Degustation is a culinary term meaning "a careful, appreciative tasting of various foods" and focusing on the gustatory system, the senses, high culinary art and good company. (with thanks to wiki, full definition here)
The phone rings. It is Sir. He is here. They are here.
I race downstairs and walk up through the garage, peeking around the corner. He is standing at the car and beside him is her. We are not permitted to see each other so I step back waiting. She has on a pair of black stilettos, stockings, I think a long coat and has gorgeous bright red curly hair. I do not see her face and do not try. I hear him stride towards me. He smiles and all at once all of my 'what the fuck am I doings' are gone, swept up in his cool, calm and collected wake. I hand him the keys and give him the room number.
I go back to the elevator and up to the room, waiting in the master bedroom. I hear the door. I call out to Sir. He comes in and bids me kneel on the edge of the bed. He is gone again to the other room. I can scarcely breathe. He is back again, speaking. He smacks my arse hard with his hand. The sound ricochets around the walls like gunfire. His hand finds its mark over and over. 'Stay'. He is gone again. I hear the same sound coming from the other room. I can not describe how much it turns me on. The familiar sound - thwack, thwack, thwack. I feel myself brimming with lust. I am trembling. He is back. I am undressed. I hear him speak to her. She is in the room. I lift my head and for a second I see her standing, face against the wall, her sweet, fair skin sheathed in thigh high stockings and a black thong, then she is gone - blacked out by the blindfold.

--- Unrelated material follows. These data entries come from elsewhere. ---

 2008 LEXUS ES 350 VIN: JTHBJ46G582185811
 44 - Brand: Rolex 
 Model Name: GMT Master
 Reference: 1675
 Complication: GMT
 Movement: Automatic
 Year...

As commanded, we lay on the bed beside each other, face down. As if an afterthought he pulls our hands together. I am clasping her hand. He is wielding the whip. Now comes the nervy part.
I know she can take a hiding - 200 cane strokes in fact. Sir tells me this partly I think as an inspirational story, a "this too can be you" and I am sure in part because he is proud of her and his training. I hear the immense joy in his voice when he speaks of her - almost awe - and it is beautiful.
I am in my head trying to have a rational conversation with myself - who, I might add at this point, is not a very rational person. I think: I haven't been caned in a while and I kind of miss it. I don't like it particularly but I love the marks. I remember the ones I had after our very first session - across the top of my back and arse...sigh...I do prefer the feel of the whip but...anyway this is the hardly the time for contemplating cane vs whip discussions with Sir. I don't know that I get much of a choice anyway. No that isn't true. I do. Fuck. I am lying naked on a bed next to someone I don't know, I can't see and Sir is about to whip me. Because she is here, will he push me? I hope not. Fuck. Back comes 'what the fuck am I doing'. I am not sure where this is going. Why the hell do I keep doing this? All of this inundates my head in about 3.2 seconds.
I feel the leather bite into my skin and it is delicious. All thinking is done for the day. One, two, three, four, five. I am fairly still and quiet, (considering I apparently whine). I hear them raining down on her. I note they sound harder. I have gotten to know the different sounds the whip makes. She does not move, I do not hear her breathe. Her hand does not twitch. She is perfectly still. He is right to be impressed. I am amazed. He moves between us, according lashings as he sees fit. He is kind. They are none too hard to endure though one or two make me twist and complain. Perhaps I do whinge - just a bit.
"Kiss her." We blindly find each other and she is there and soft and warm, her tongue firm and searching. I have not been directed to but I take a chance and reach my hands up around the back of her neck, kissing her mouth with more fervor. Her lips are soft. Her tongue slips in and out of my mouth. I suck her lip. I want very much to pull her to me, to lie her back, to drink her in, slowly and with abandon. Sir is there. I am waiting for him to speak. I am waiting desperately for his direction. My hands start to explore her body, touch the shape of her breasts, slip between her thighs.
I am waiting direction but I will not wait long - nor as it turns out do I have to.